Teaching international marketing from existing texts I always find it perplexing that the exporting option is given such short shrift. It is an important activity since it represents what international trade is all about, and some of the most prominent and successful companies engage in it intensively (for example, Japanese auto manufacturers), but somehow exporting seems to be treated as what companies do before they get serious abroad.

Professors Rosson and Reid, the editors of this excellent collection of original chapters, show that the limited role for exporting in the multinational marketing picture is based on a theoretical misconception. the traditional view is to see exporting as one mode of serving foreign markets, largely at a level of marketing effort best characterized as "low-keyed." However, in this book exporting is finally shown capable of encompassing all levels of marketing involvement--on both empirical and conceptual grounds.

This demonstration frees the authors represented in this volume from making a lot of comparisons between exporting, licensing, and foreign direct investment; instead, they concentrate on the task of exporting. the payoff is astounding. As often happens when minds are concentrated on a seemingly narrow and straightforward topic, unexpected riches are unearthed and a number of new perspectives are generated. One is reminded of the Japanese saying that even the smallest matter contains the embryo of the universe.
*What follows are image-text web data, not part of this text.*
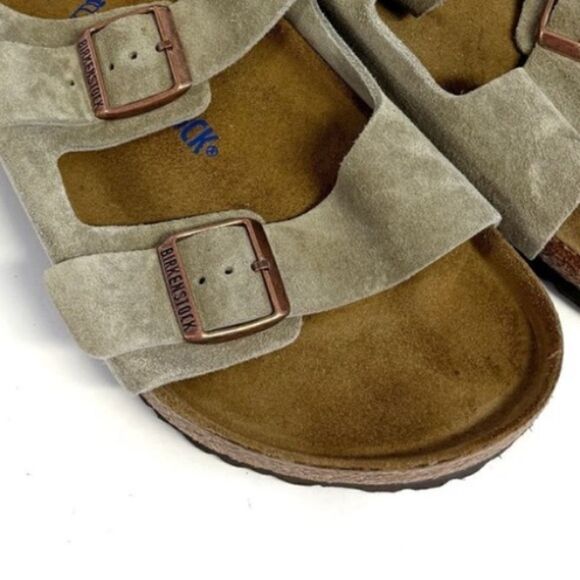 Birkenstock arizona soft slide sandal TAUPE SUEDE 8/8.5 - 39 - Picture 7 of 10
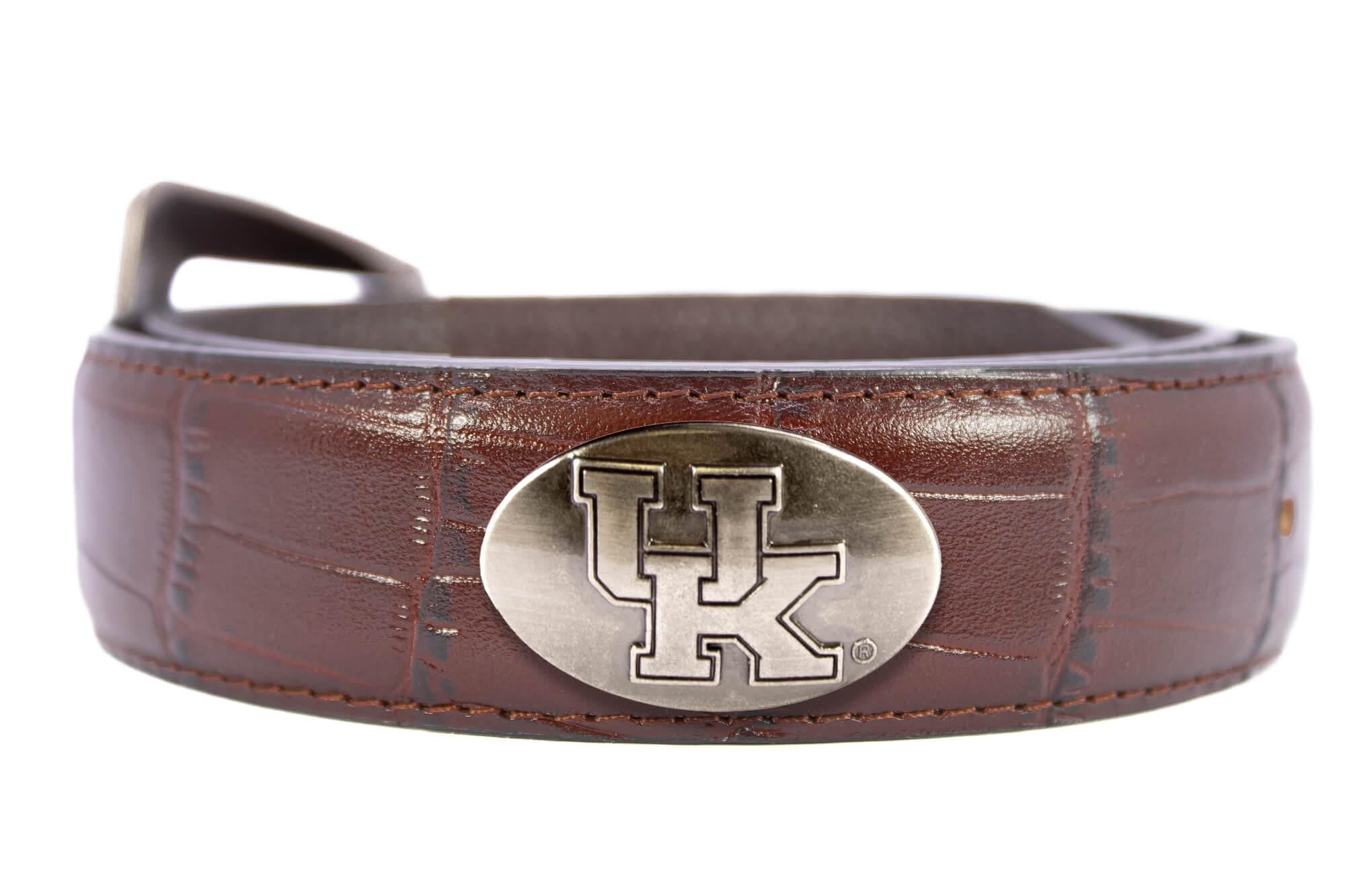 Kentucky Wildcats Men's Collegiate Leather Belt. Kentucky Gift. UK Merch. Brown Croc Pattern Full Grain Finish With Metal Emblem Conchos.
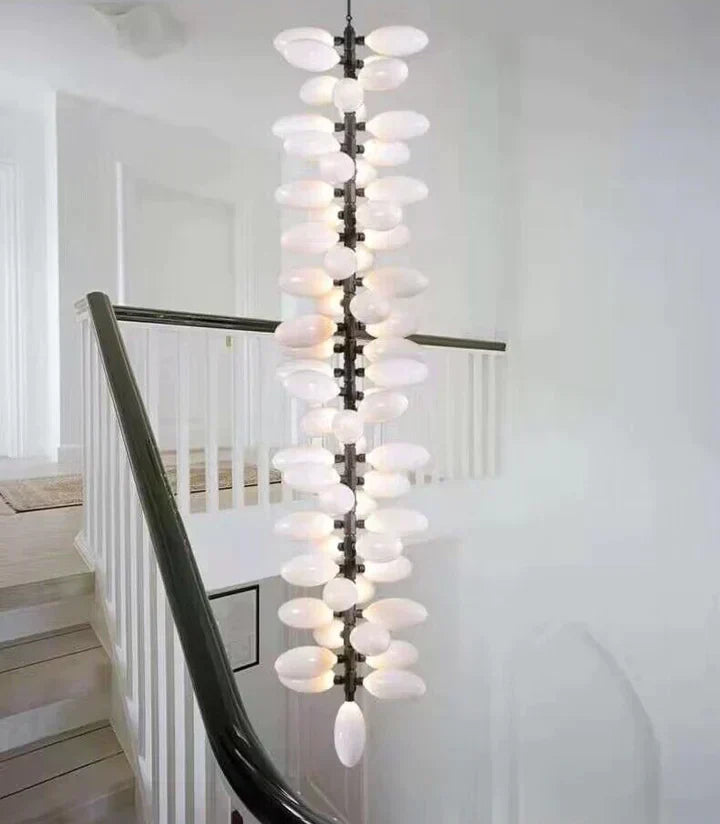 Nordic Art Long Magnolia Alba Glass Ceiling Chandelier for Staircase / hallway / entryway Light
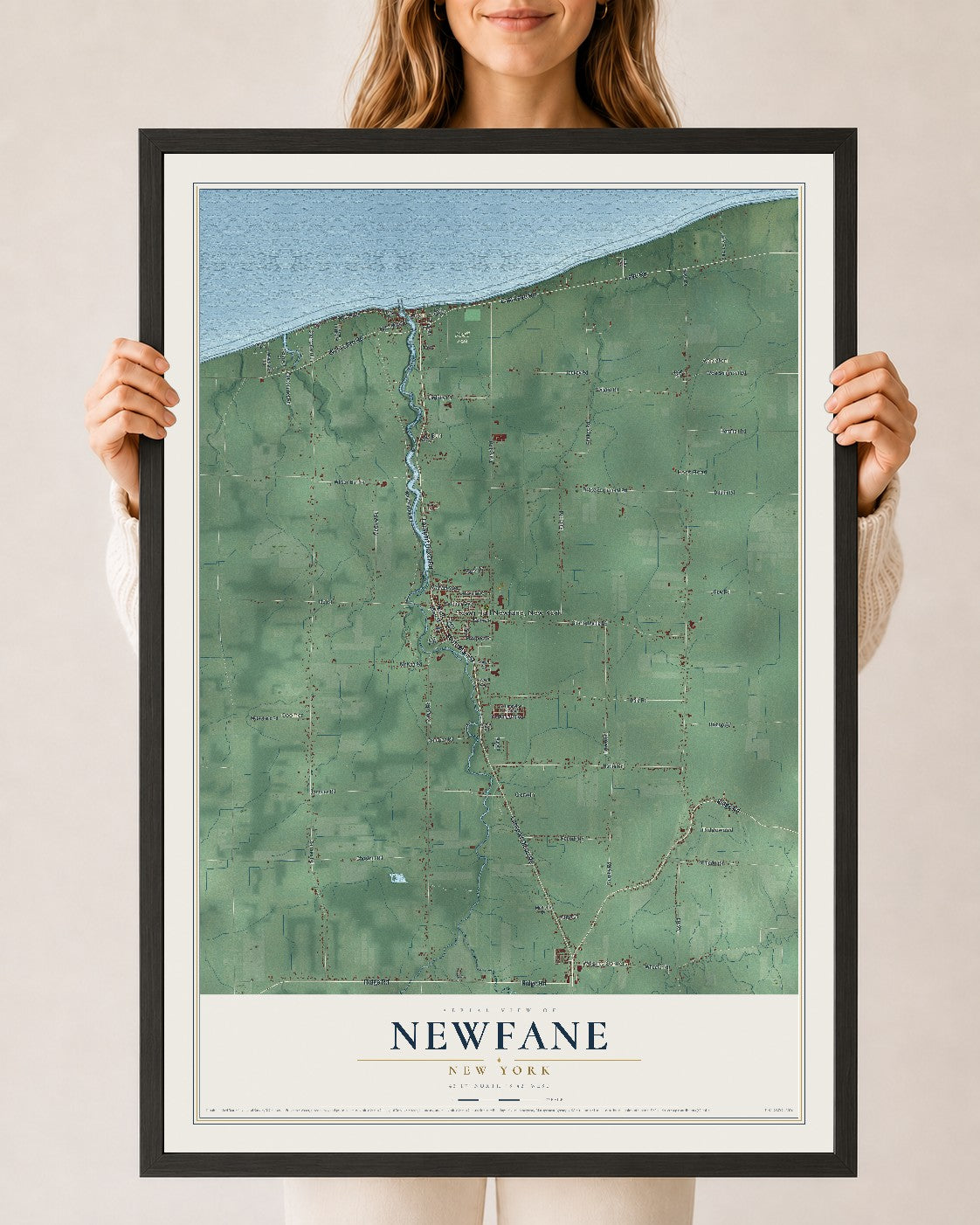 Newfane, New York map print, 24" x 36" W/ Black Ayous Wood Frame mockup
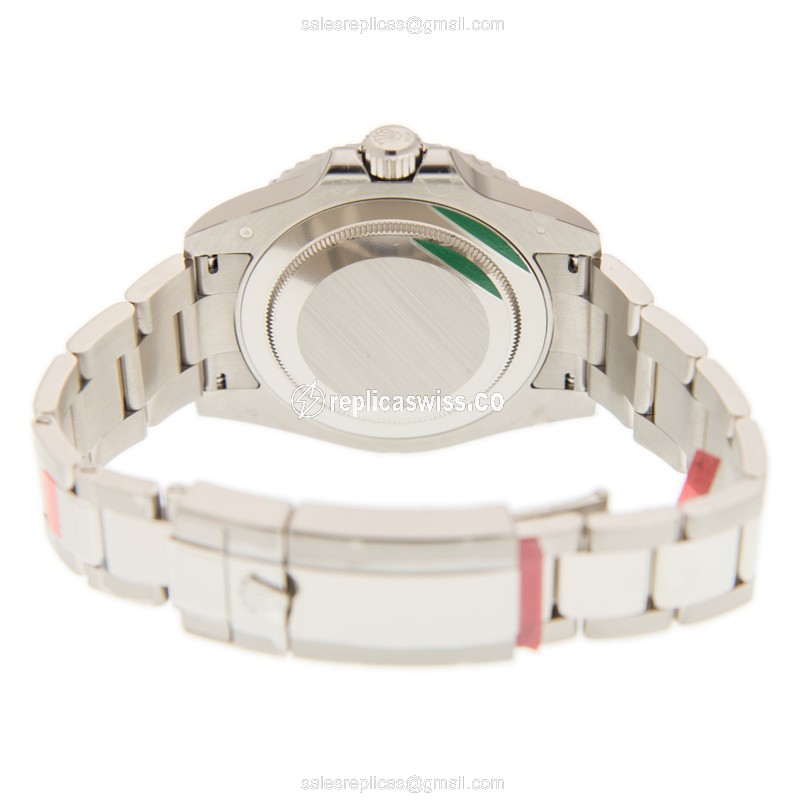 Rolex GMT-MASTER II Replica - Automatic - White Gold - Diamond Bezel - Black Dial - View 4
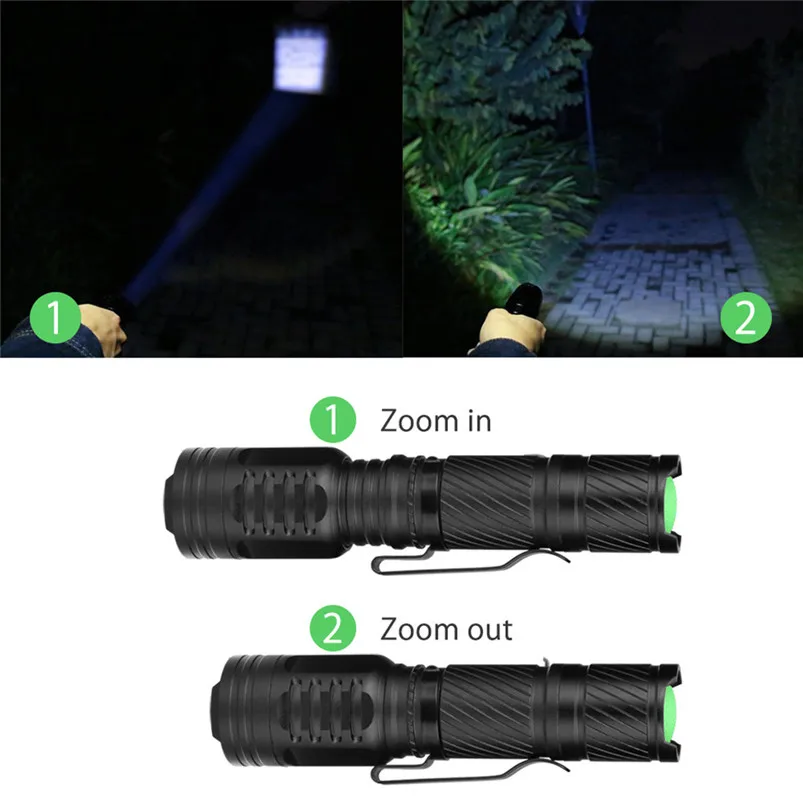 Tactical 3Modes Torch Led Light 1XPE Torch Flashlight Zoomable AA Military Focus Torch Led Flashlight White Zaklamp 40JY2308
The book contains chapters that question the standard internationalization stages, precisely because the option to export is alive at any stage. It features other chapters that approach the export organization problem from a network perspective and demonstrate the value of established relationships in exporting, regardless of whether the units are company owned. What emerges in other chapters is an exciting treatment of exporting as a pure "agency" problem using the economics nomenclature.

Two developments in particular are dear to my heart and give, I think, the collection a special patina. One is the thorough emphasis on context, on the situation-specific nature of the normative implications of much of the research. Several chapters are really up-to-date . . .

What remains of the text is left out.